Thatched roofs were replaced with tiled ones,
dirt floors were replaced with concrete.
Floris, and in fact in the areas around major cities
a lot of peasants started to have two story and three story homes.
Now if you figure the rural Chinese make up about 18% of the world's population,
and if 80% of them significantly improved the quality,
upgraded the quality of their homes, then in fact rural reform helped
14.5% of the world's inhabitants to significantly Upgrade their homes.
That's just amazing, right?
That's the largest housing boom probably in world history.
So it's no doubt that had a big impact on people's support.
For the party and for the leadership, but moreover, the fact that so
much more money flowed into the countryside that the peasants were
in a position to demand a lot more consumer durable goods.
And that as they started to demand those consumer durable goods,
light industrial sectors.
I mentioned before there had been too much heavy industry.

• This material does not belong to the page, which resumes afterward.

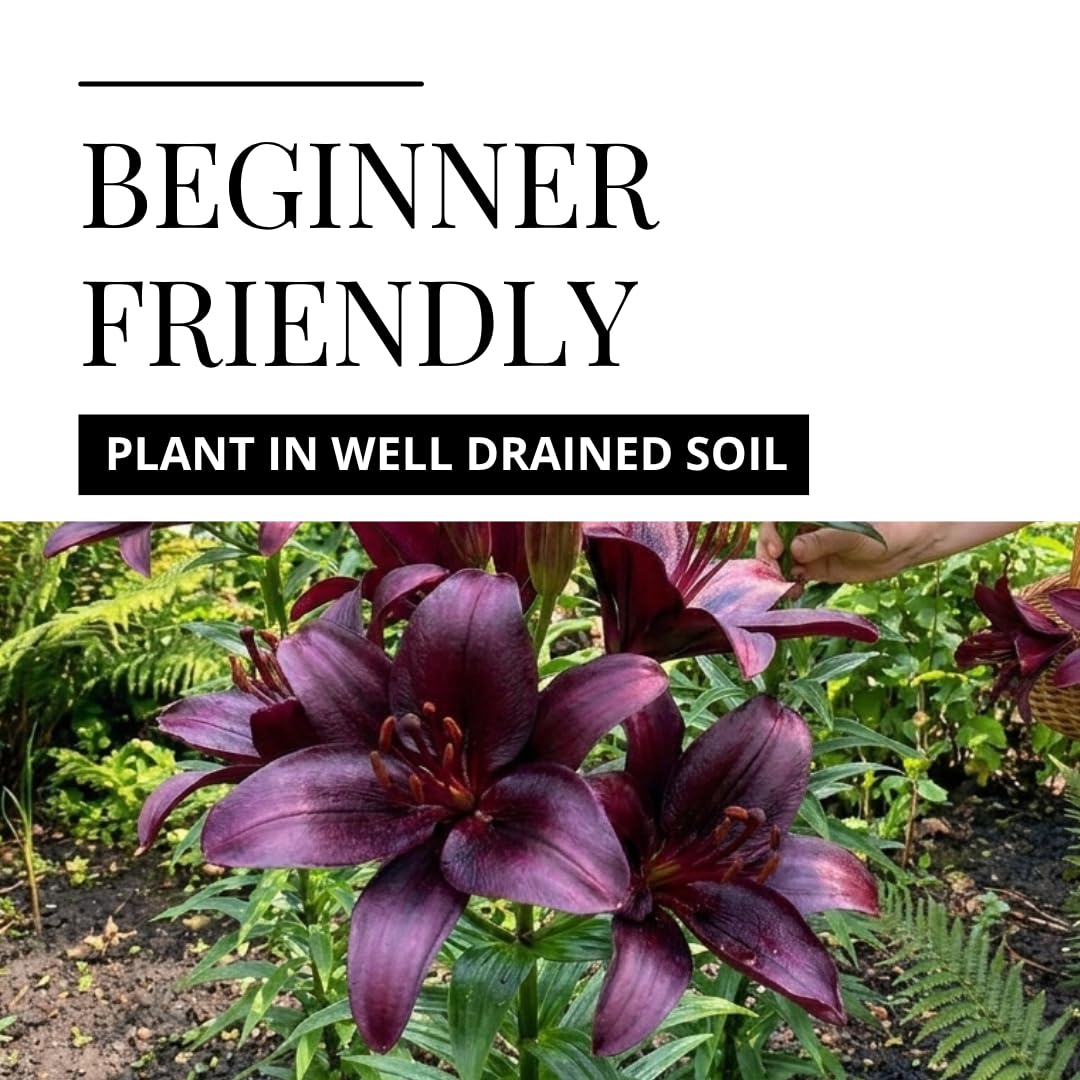 CZ Grain Blackstone Lily bulbs velvety burgundy petals create striking garden contrast.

Now all of a sudden there was a big demand for light industrial goods and
this table really shows some pretty amazing changes, some pretty amazing
shifts in the percentage of families that owned many of these consumer goods.
So this table is the Rural Household Possession of Consumer Goods.

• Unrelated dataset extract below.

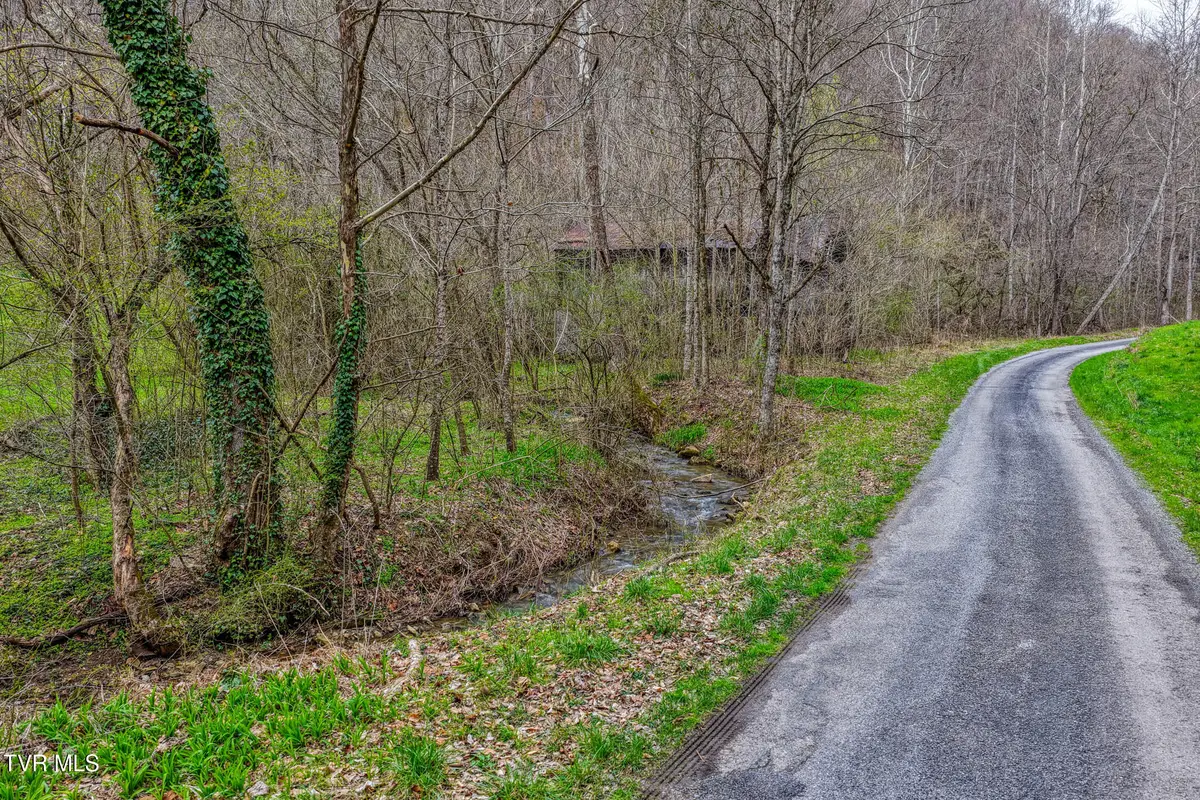 1795 Bear Hollow Road, Greeneville, TN 37745 - #1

Shift between '78 and 1995, right, per hundred households.
So, for example, in 1978 there would be 30% of
all the households in rural China had a bicycle.
Right?
So there were 30 bicycles for each 100 households.
Within seven years, that was 80 bicycles for every 100 households,
and by 1990, there was more than one bicycle in every household.
It had gotten up to 1.1 bicycles, or
1.2 bicycles for every household.
Wristwatches which could really drive a lot of light industrial factories.
Right? Only 27 wristwatches per 100 households
in rural China.
So each household, not that many households actually had watches
within seven years, again, more than one watch per household, right?
1.2 watches, 1.3 watches per household.
All of a sudden there were millions of watches, were now being manufactured.
And this would drive, this actually drove the urban economy,
and the suburban and, in part, the rural economy.
Just worth looking at here in terms of washing machines.
So by 1995, 17 Households out of every 100.
So 17% of households actually had, in the countryside, right,
this is rural, had a washing machine.
Which liberated women enormously.
It meant that so many fewer women had to stand there and
tediously just be doing the washing machine on
those wooden, scrubbing it on those boards right?
On those wooden boards.
And even here too in terms of colored TV sets,
17% of all the families in rural China.
By 1995 had a color TV set.
So one is the manufacturing.
You're talking something like 17 million I think I calculated.
Something like 17 million colored TV sets had to manufactured by this time for
this number to exist.
But it just improved dramatically the quality of people's lives in rural China,
whereas in the Maui or some of them felt so poor.
Now all of a sudden they had a lot more goods, and
can be much more positive about their lives.